Wer sind denn die Täter, die nicht pädophil sind?

Saimeh Es gibt unterschiedliche Tätertypen. Für dissoziale, gewaltbereite Menschen sind Kinder schlicht die leichtesten Opfer, weil sie sich schlechter wehren können. Dann gibt es Machtmissbraucher, die sich alle Mitglieder in der Familie zu Untertanen machen. Jeder muss sexuell zur Verfügung stehen, sowohl die Frau wie auch die eigenen Kinder. Dann gibt es Fälle, in denen Väter ihre Töchter missbrauchen, weil sie in einer Ehekrise sind. Dann gibt es Leute, die aus irgendwelchen Gründen aus ihren geordneten Lebensverhältnissen herausfallen. Jemand lässt sich scheiden, fängt an zu trinken, verliert den Job, stürzt sozial ab, ist eigentlich auf erwachsene Frauen fixiert, ist aber nicht mehr in der Lage, Partnerschaften einzugehen. In solchen Situationen weichen manche auf Kinder aus. Gerade Kinder, die sonst wenig Aufmerksamkeit bekommen, sind dann leicht mit Pommes und Cola zu gewinnen und nehmen die Aufmerksamkeit erst mal an. Solche Täter gestalten ihre Wohnung oft erst als offene Wohnung und fangen dann an, die Beziehung zu Kindern schrittweise zu sexualisieren. Viele Taten geschehen ja in einem Umfeld, wo Kinder auch völlig unkritisch Personen aus dem eigenen sozialen Nahfeld überlassen werden.

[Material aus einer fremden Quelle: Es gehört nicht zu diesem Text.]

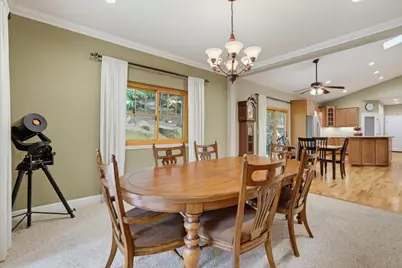 17273 Lawrence Way, Grass Valley, CA 95949 - Photo 22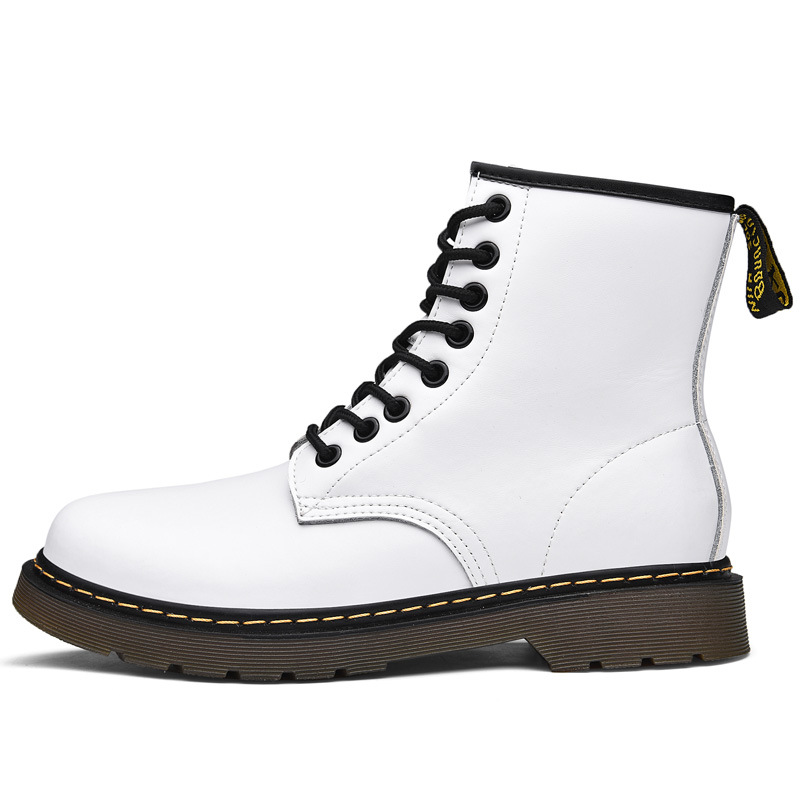 doc martin online shopping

Auch der Besitz und die Verbreitung von Kinderpornografie soll ein Straftatbestand werden. Zielt das nochmal auf andere Täter, weil es in diesem Bereich auch ums Geld geht.

Saimeh Das wird immer so gesagt. Früher hat Geld sicher eine Rolle gespielt, aber inzwischen gibt es im Netz so viel Kinderpornografie, das man sich fragen kann, wer da noch Geld verdient. Es geht wohl eher um eine Community, die Missbrauchs-Bilder tauscht. Sie kommen in diese Gruppen erst rein, wenn sie eigene Bilder mitbringen. Man muss sich selbst strafbar machen, um Mitglied in dieser Community zu werden. Man zahlt mit Tauschware.

Ist das ein anderer Tätertypus als jene, die in Familien übergriffig werden?

Saimeh Das kann man so nicht sagen. Menschen mit pädosexuellen Neigungen leben sowohl in Familien und auch ungebunden. Es gibt auch Täter, die sich bewusst Frauen mit Kindern suchen, nicht, weil die Frau interessant ist, sondern weil sie Kinder im Zielalter hat. Das Sammeln von Kindesmissbrauchsbildern spricht für eine klare pädophile Neigung.

Auch der Sprachgebrauch soll sich ändern. Das Gesetz spricht nicht mehr von Missbrauch, sondern von sexualisierter Gewalt gegen Kinder. Verändert das etwas?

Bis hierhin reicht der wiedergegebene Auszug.